NICOLLET, MINN.— With a backdrop of chest-high prairie grass waving in summerlike breezes near one of Minnesota's most storied waterfowl lakes, Gov. Mark Dayton on Tuesday announced a long-awaited, ambitious and expensive — perhaps more than $100 million — plan to restore Minnesota's pheasant population and the nearly century-old hunting tradition it supports.
Pheasant scarcity is the second major wildlife crisis Dayton has addressed in recent weeks, including the walleye crash on Lake Mille Lacs. Neither problem will be easily or quickly solved.
"This is a beginning,'' Dayton told a gathering of about 50 people outside the Nicollet Conservation Club on Swan Lake, a short drive west of Mankato.
Pheasant hunters pump an estimated $100 million yearly into the state's rural economy, and Dayton is concerned about losing that, as well as the recreational opportunities the bird has provided since being imported here from China early last century.
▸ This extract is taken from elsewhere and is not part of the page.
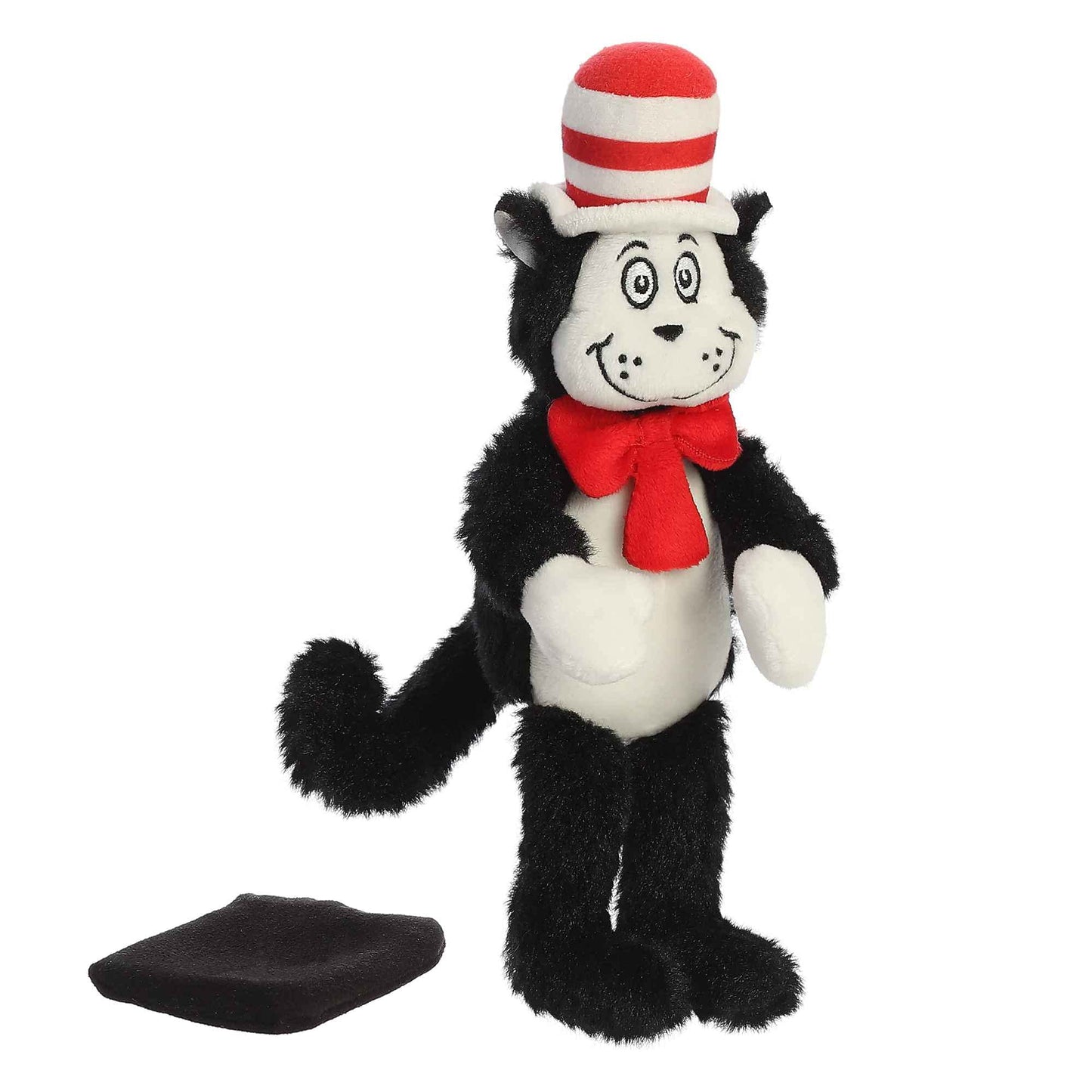 Aurora Whimsical Dr. Seuss Shoulderkin Cat in The Hat Stuffed Animal - Magical Storytelling - Officially Licensed - Multicolor 8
Importantly, Dayton said, the loss of pheasants and pheasant habitat are indicators of broader environmental problems across southern Minnesota, including declines in monarch butterflies, pollinators such as honeybees and polluted waters from agricultural runoff.
Department of Natural Resources Commissioner Tom Landwehr, who also spoke at the news conference, said the program is as much a "recipe'' for pheasants as a plan. "We know how to make pheasants,'' Landwehr said. The goal now, he added, is to add an important mix of habitat ingredients to a landscape dominated by corn and soybeans in the state's pheasant range.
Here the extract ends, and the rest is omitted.